Great article MT...thanks for the link...

However, I am left wondering what would have been a better formation to run in Trinidad? He did not really say exactly why he slammed the formation they used...also should I read anything into his omission of Wood ?? Wood also took the tough lonely road to Europe at a very young age...


----------



## MWN (Feb 9, 2018)

soccerobserver said:


> Great article MT...thanks for the link...
> 
> However, I am left wondering what would have been a better formation to run in Trinidad?

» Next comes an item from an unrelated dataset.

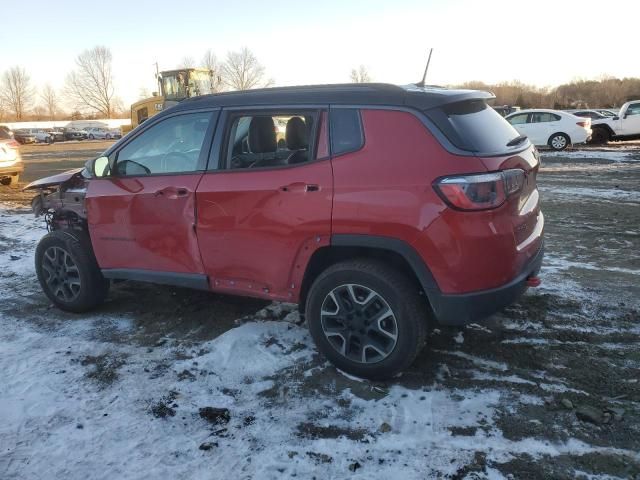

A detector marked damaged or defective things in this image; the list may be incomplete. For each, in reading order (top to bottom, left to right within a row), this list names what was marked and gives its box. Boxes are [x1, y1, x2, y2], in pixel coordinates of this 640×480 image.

damaged red suv [26, 84, 544, 380]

He did not really say exactly why he slammed the formation they used...also should I read anything into his omission of Wood ?? Wood also took the tough lonely road to Europe at a very young age...

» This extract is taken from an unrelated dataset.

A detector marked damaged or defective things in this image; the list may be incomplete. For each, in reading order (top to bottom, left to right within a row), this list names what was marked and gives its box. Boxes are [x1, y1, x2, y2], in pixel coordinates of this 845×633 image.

Unfortunately, my phone was on silent ring and I missed Bruce's call that day and for that I apologize to my fellow Americans.  Getting back to the article, his slam of the 4-1-3-2 was that it is an offensive formation that can be exposed by a strong fast attacking team, which is exactly what the USA faced with Trinidad.  Once the attackers get to the defensive line, the defenders are usually playing even or a man down.  The 4-4-2 would have been a tad more defensive, allowing mids to cover and drop and a good starting formation given the wet conditions and motivation/formation used by Trinidad, or drop down to the highly defensive 4-5-1 and play it over the top hoping for that 1 on 1 chance while you wear out Trinidad.

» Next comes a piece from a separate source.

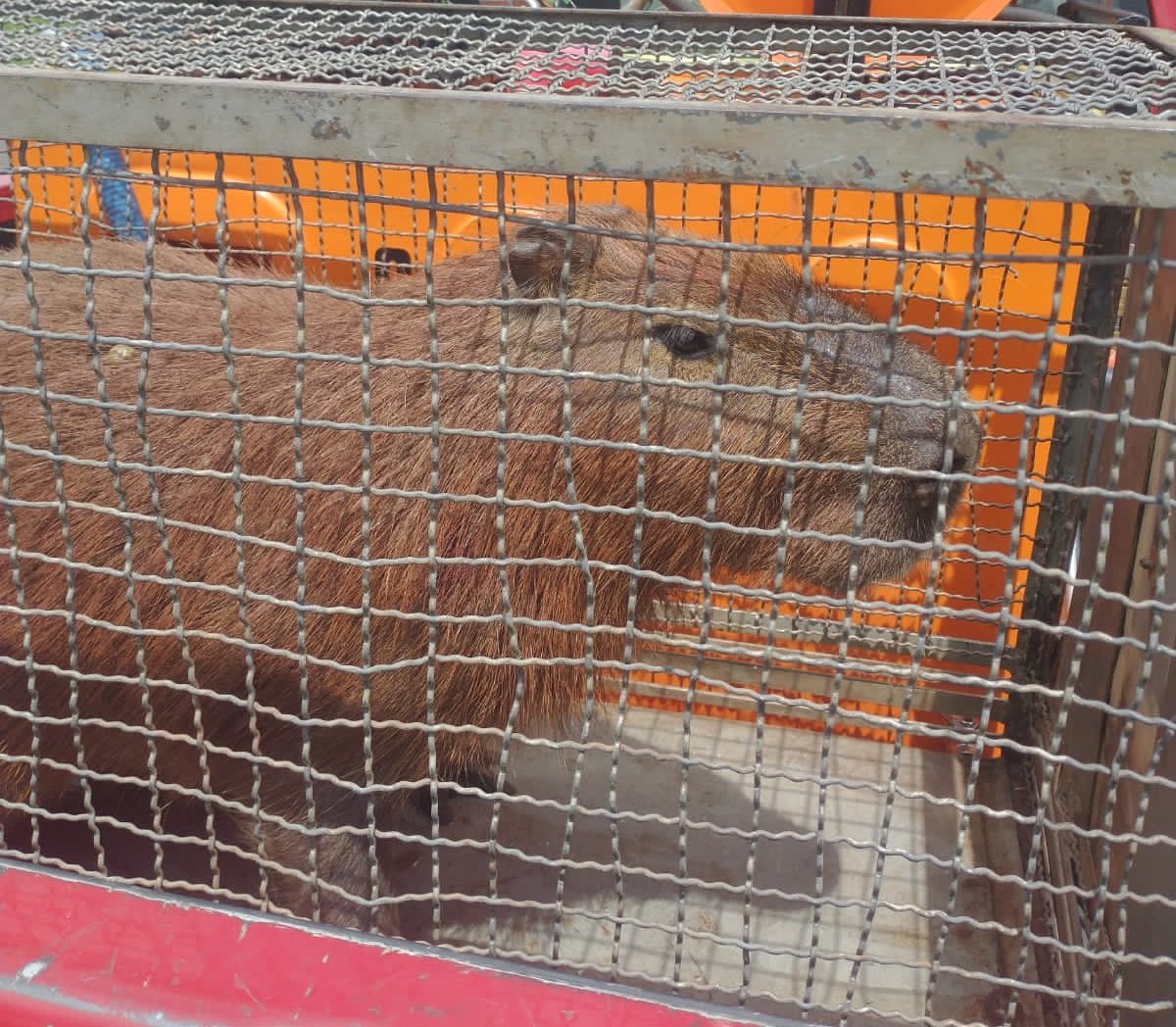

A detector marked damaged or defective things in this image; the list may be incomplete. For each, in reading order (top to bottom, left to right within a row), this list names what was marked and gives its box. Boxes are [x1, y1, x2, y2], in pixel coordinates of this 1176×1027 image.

rusty metal edge [0, 68, 1171, 206]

Ultimately, Bruce's mistake was his ego.  He stuck to what he thought he knew  and showed about as much coaching sophistication as Bill Belichick when the lad was 1 and 1/2 years old.


----------



## jojosoccer (Feb 11, 2018)

As soon as Juergen said to play in Europe, Bradley and Dempsey and the rest cane back to MLS, And it showed!
Geoff Cameron nailed it.
Let MLS be a stepping stone for the top players.
I read an article when Klinsmann was still coaching, he said “in the US we develop our kids to play in the NCAA. In the rest of the world they develop their kids to play pro”.


----------



## Real Deal (Feb 13, 2018)

toucan said:


> IMHO, the most important insight given by Cameron has to do with how difficult it is to keep a roster spot in a competitive European league.  He uses the term "ruthless" when describing the competition at each practice.  One term he *never* uses is "development."  He never once suggests that coaches should concentrate on "developing" players; instead, he implies that ruthless competition is itself the best "developer."
> 
> As a youth coach, "development" is critical, although each coach has his or her own idea of what the term means.  To me, it means a thoughtful training plan, with regular and intense focus on fundamental touch-technique, within the context of a possession-style team concept.
> 
> I wholeheartedly agree with Cameron on this point: If you want to build good teams and good players at *any* level, you have to create an atmosphere where each player must compete for his or her position at every practice, and you must exhibit a certain amount of ruthlessness when it comes to roster selection, meaning that players who are not performing must be removed from the roster for the good of the team.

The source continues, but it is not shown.